# Avoiding Sign Language showings



## simbeav (Mar 14, 2005)

Most of the programmes that I want to watch these days seem to be on BBC4, but season passes are not much use for most programmes on this channel for two reasons. Firstly the data on Tivo has gradually become generic for most series on this channel and also because overnight showings (when I would prefer the Tivo to be doing it's work) are often SL.

Until recently, I would set the recordings myself whilst consulting the schedule on the BBC web site which gave the full list of abbreviations for each showing [S,SL] etc.

Unfortunately, the BBC has gone for one of the periodic style over substance makeovers that most organisations feel they have to do to justify design departments (don't get me started on ebay) and have dropped most of the useful information from their listings.

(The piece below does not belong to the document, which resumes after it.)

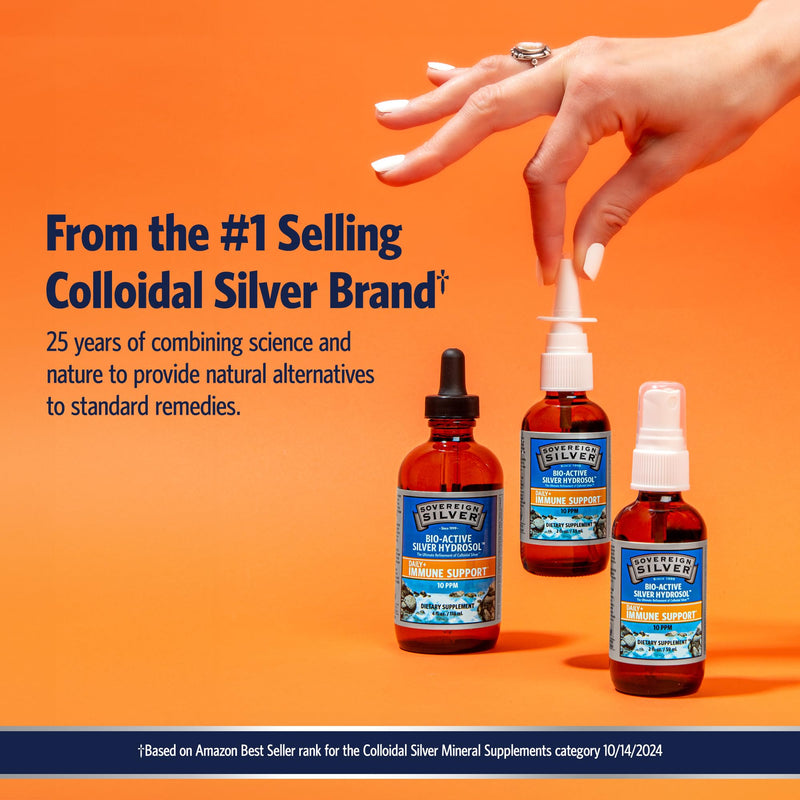Sovereign Silver Immune Support – Colloidal Silver Hydrosol 10 ppm, 16 fl oz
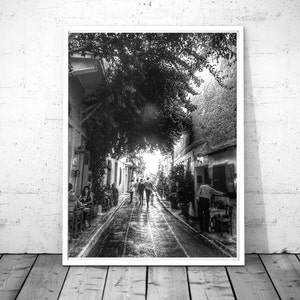 Greece print, Athens printable art, black & white photography, people photography, Athens wall art, plaka anafiotika print, digital download image 8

Any suggestions for a free, well laid out listings site with SL information for each programme ? I've found :-

http://www.tvguideuk.co.uk/tvlistings/channel.php?ch=bbc4&day=today

Which does the job, but I'm lazy and with this one I have to click on each programme to get the pop up box.


----------



## Goooner1 (Jul 16, 2005)

I find it hard to believe that in this day and age of about a million digital channels, we can't have a dedicated SL channel, or at the very least make SL avaible via the red button.


----------